Exercise objective: Go to the line containing "Stalker IPSF CAMO" in the records below and print it and every following line exactly, on through the line containing "Sala de apartamento", then stop.

Material shown:

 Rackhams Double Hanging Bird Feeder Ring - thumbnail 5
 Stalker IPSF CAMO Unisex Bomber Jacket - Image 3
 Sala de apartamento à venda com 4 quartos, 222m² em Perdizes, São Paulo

==

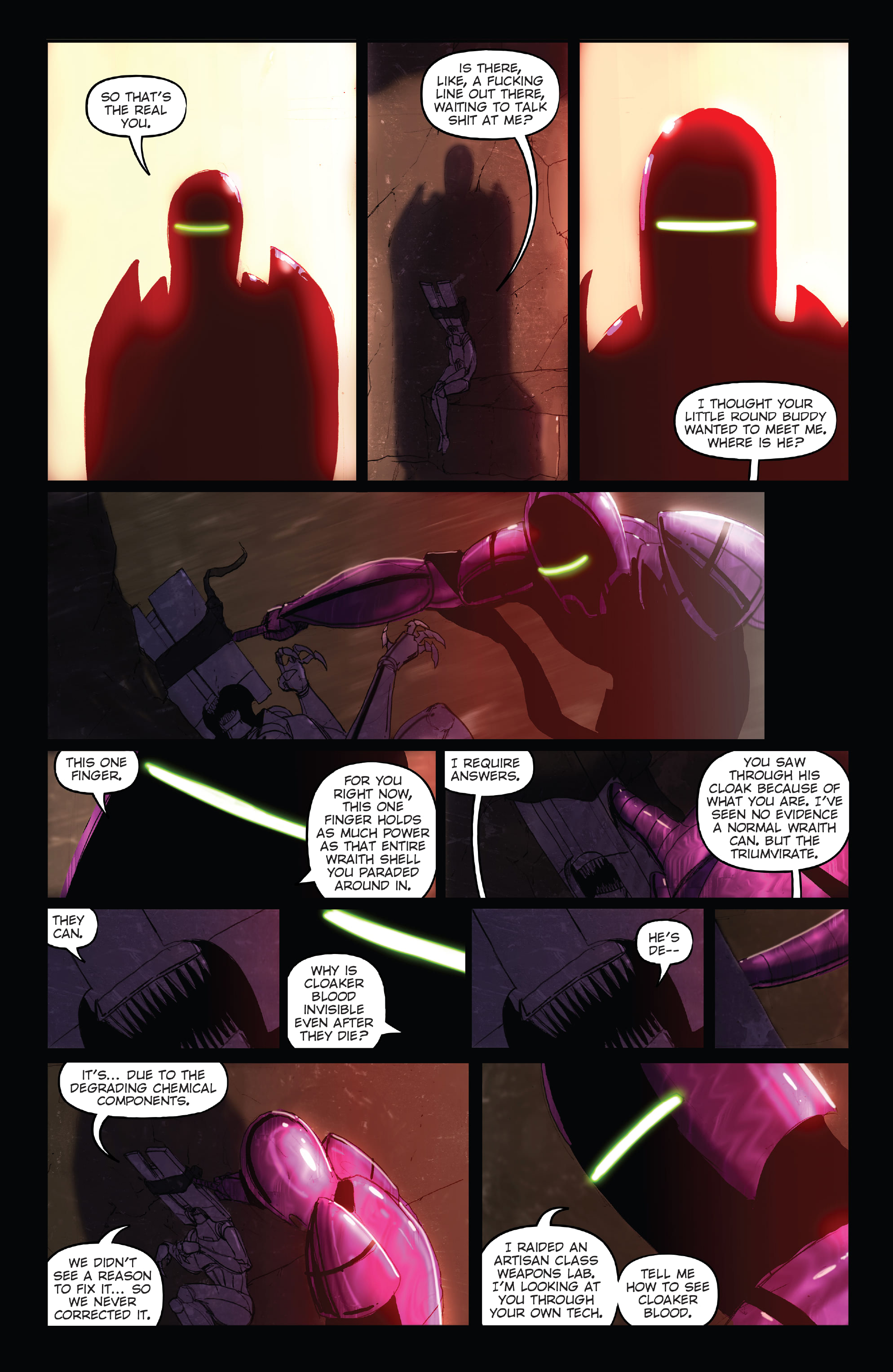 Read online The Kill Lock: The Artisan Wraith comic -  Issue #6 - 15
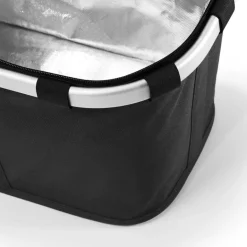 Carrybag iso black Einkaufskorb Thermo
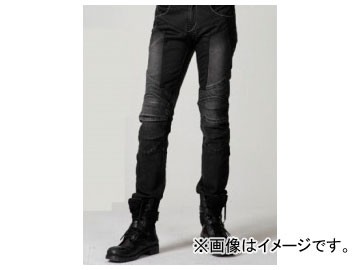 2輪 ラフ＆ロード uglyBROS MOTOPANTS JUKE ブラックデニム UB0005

--

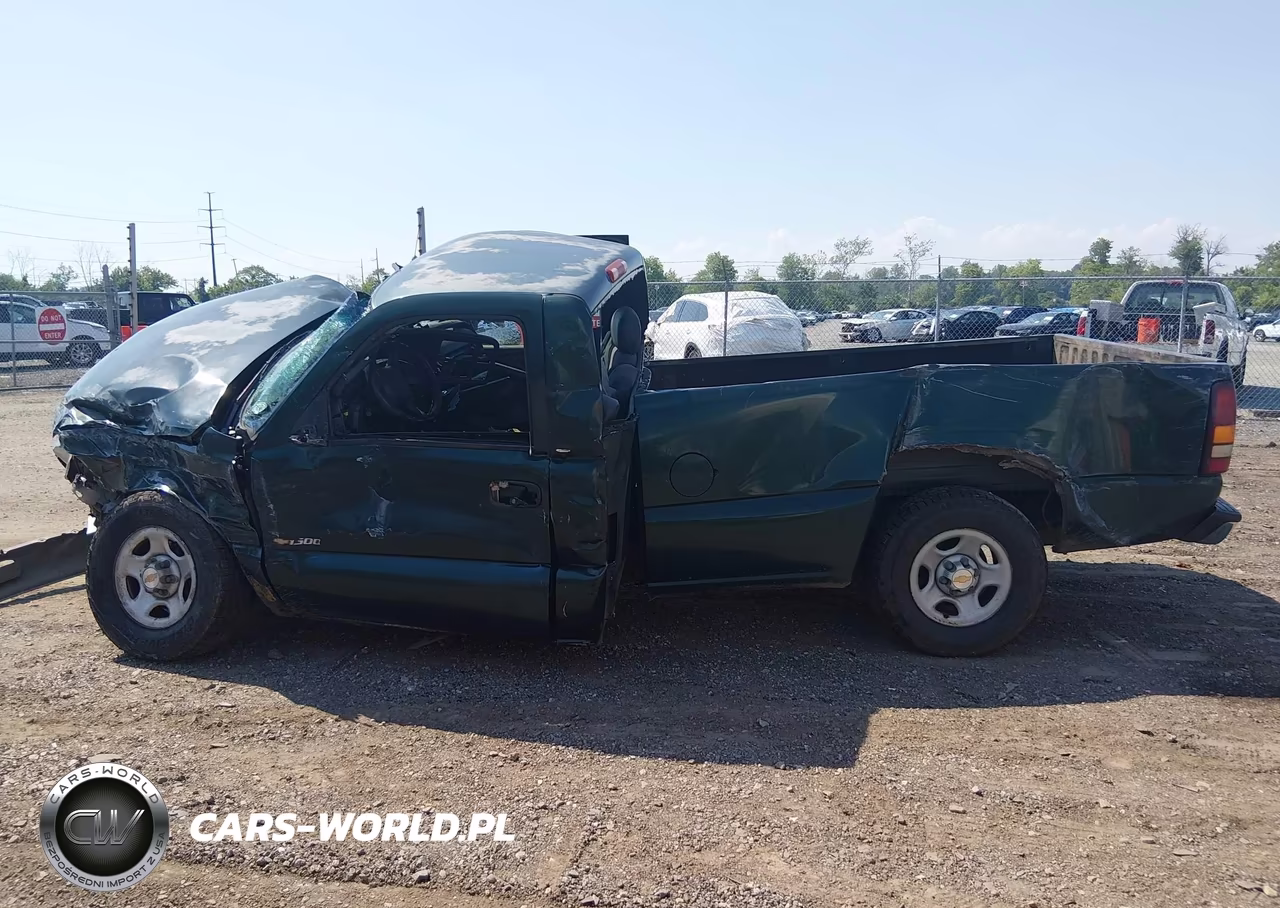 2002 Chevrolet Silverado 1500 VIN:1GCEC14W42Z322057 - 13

Result of this task:
 Stalker IPSF CAMO Unisex Bomber Jacket - Image 3
 Sala de apartamento à venda com 4 quartos, 222m² em Perdizes, São Paulo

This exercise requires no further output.